As preocupações imediatas do governo -inflação, desemprego, corrupção e apagão- parecem fichinha perto do que as mudanças climáticas prometem a longo prazo: "acabar com qualquer caracterização de uma comunidade global civilizada", como alerta o editor-chefe do jornal The Guardian, Alan Rusbridger.

União Européia, Suíça, Noruega e até o México já anunciaram seus compromissos voluntários. Os EUA prometem fazê-lo ainda hoje. Quanto antes todos fizerem o mesmo, mais tempo os técnicos da ONU terão para analisar os dados e saber, afinal, quanto as negociações ainda terão de avançar na Conferência de Paris, em dezembro deste ano.

Esse encontro é visto por governos e cientistas como a última chance de um acordo global para evitar o caos climático. Mas nem a crise hídrica no Sudeste do país, que promete tirar água das torneiras e energia elétrica das tomadas brasileiras, parece suficiente para o governo Dilma reconhecer a urgência dessas definições.

Prova é que, neste momento delicado, o governo demitiu dois dos principais técnicos responsáveis pelos estudos do clima no país, Sérgio Margulis e Natalie Unterstell. Os dois coordenavam dezenas de grupos de estudo que estão elaborando a maior análise sobre adaptação às mudanças climáticas já feita no Brasil.

Esse trabalho é a base para o país definir seus cortes voluntários de CO2.

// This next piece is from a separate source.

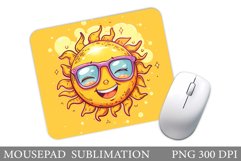Cute Sun Mouse Pad. Positive Sun Mouse Pad Sublimation Product Image 1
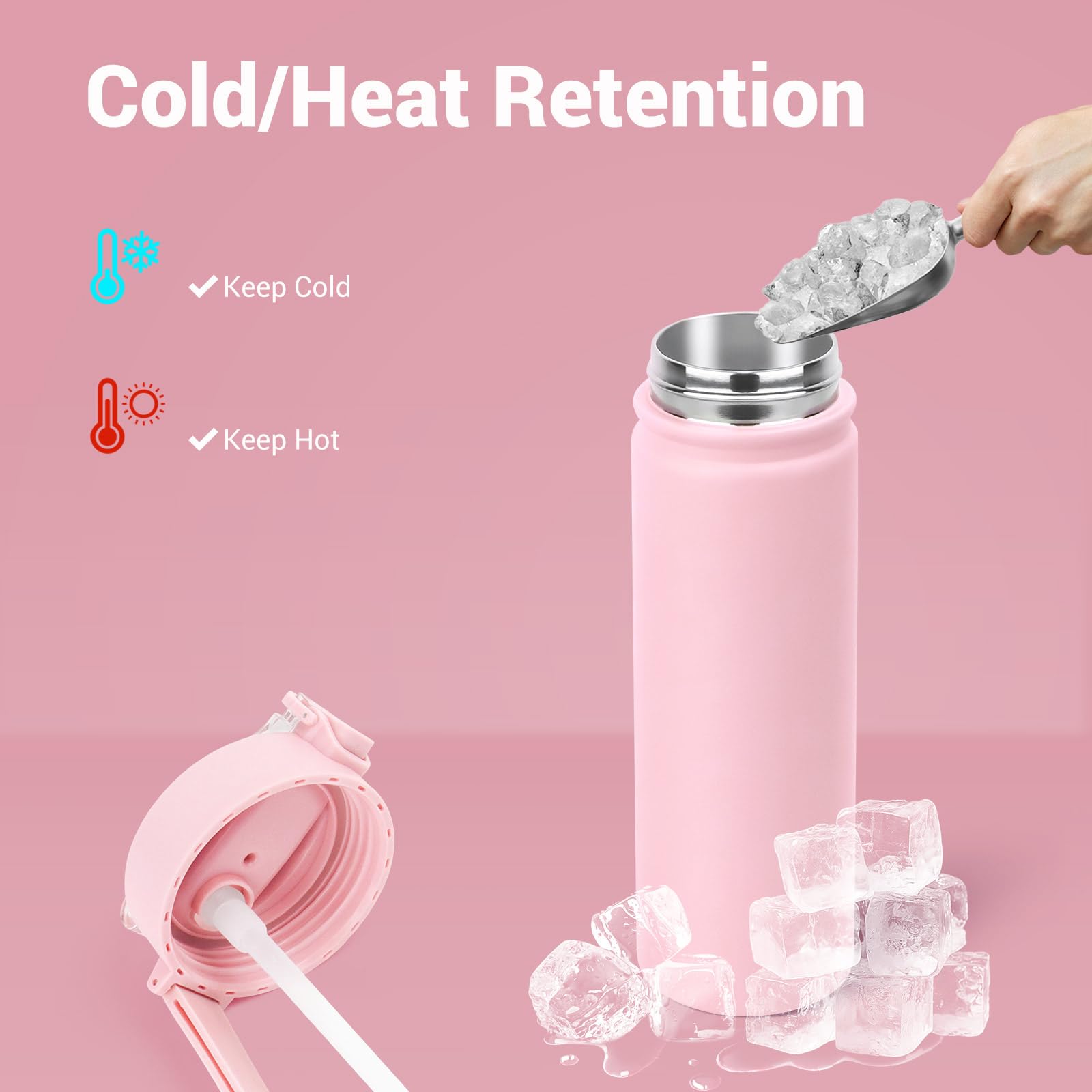 BuildLife 720ML Insulated Water Bottle with Straw,Leak Proof Double Walled Stainless Steel Metal Sports Water Bottles - Image 4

Intitulado “Brasil 2040”, detalha o impacto das mudanças climáticas nos nossos recursos hídricos, agricultura, geração de energia e infraestrutura. O responsável pelas demissões dos dois foi o ministro Mangabeira Unger, da Secretaria de Assuntos Estratégicos da Presidência da República.

Resta agora saber o que Unger e Dilma vão colocar na mesa para a Conferência de Paris, ou COP 21, que acontece de 30 Novembro a 11 de Dezembro. O Brasil pode ter uma liderança positiva na conferência. Ou ajudar a levar o planeta para o caos.